Comfortable headphones, no less.
He was thrilled with his final product.
And little sister got in on the action. She sat down in the middle of the invention do-dads and went to work creating her own thing. (And, yes, she is dressed up like a hobbit! Did I mention that we have a costume designer/creator in our home? Yep...we have costumes for all kinds of things!)
Here, our resident hobbit is busy busy busy. She may not be able to hang with a textbook that rattles on about science, but who needs a paragraph about inventions when you can try your hand at making one yourself?
Learning science organically is not without its messes. In fact, it often resembles the aftermath of an explosion. But, it's always fun (until clean-up time!).
And sometimes we run across huge doses of science when we take day trips. Here we went exploring Pedernales State Park.
Okay, could you possibly think of a more relaxed, enjoyable way to learn??
Little Miss overcame some sensory issues as her feet met rock, so this was great for her on many levels.
Ahhh, the freedom to learn and play right there in the middle of a beautiful state park (awesome classroom, right?)!
In this natural classroom, we observed all kinds of interesting things...like cool rocks and slippery algae under our toes.
Sand and rocks were unearthed from the water...
And some really beautiful shells lay under the water.
We've studied science in some really beautiful places across the country, and this was definitely one of those.

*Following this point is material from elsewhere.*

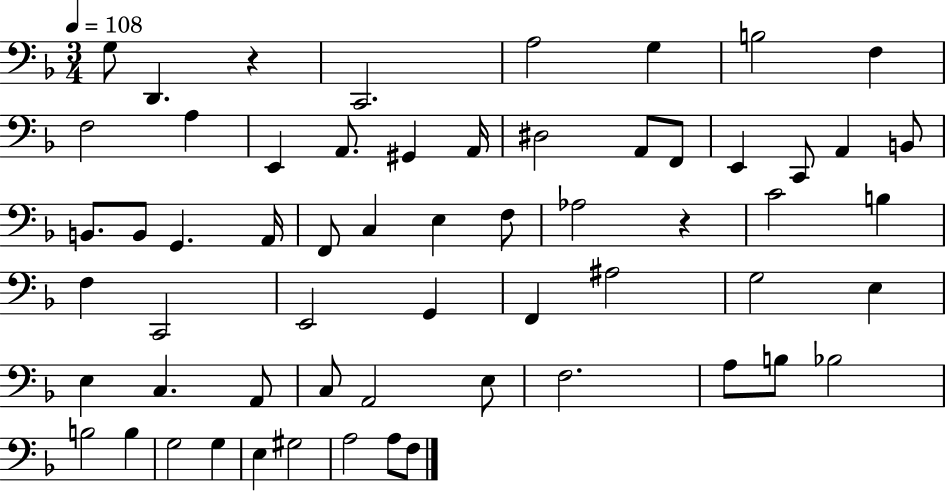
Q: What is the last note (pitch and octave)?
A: F3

Even teenagers retain their natural love of learning and exploring if it's nurtured. Nature is a good teacher if we still ourselves long enough to simply look.
Oh, and what is a current? Well, a paragraph in a textbook might miss the punch that our lesson on currents had. If you click on this photo, you might be able to spot the Croc (as in SHOE, not the creature with teeth!), floating away from the boy who is trying desperately to catch it.
The shoe is GONE! Currents are pretty powerful and quick! Bye-bye Croc. Sad boy turns around, while big sister (and her momma) finds the humor in the situation.
Ahhh, but then boy realizes that someone must be downstream. He signals a woman, who sees the shoe riding the current. Got it! Shoe is returned, and currents are experienced.
Another beautiful shell is discovered. Look at the intriguing colors.
And little creatures were spotted. Can you see this one?
And prickly pears were discussed as we hiked back up the trail.
And we also cover science topics as we move along through our timeline of history and the accompanying books we are reading. We just finished Johnny Tremain, an amazing historical fiction account of the Boston Tea Party and other events leading to the American Revolution. The related science we have discussed is ocean-themed. We've covered a broad range of ocean-related topics. Yesterday, in particular, we discussed the diving bell that was invented in 1690 and Alvin, the submersible. This reminded my children about the Titanic documentary they watched a couple of years ago, so watching that again is now on the agenda for today. See...it's a rhythmic flow from one related thing to the next, always in context, always coming from an interest in the subject at hand...and many times, it is experienced in addition to reading about it. Science is absolutely grasped at a deep level when it happens organically.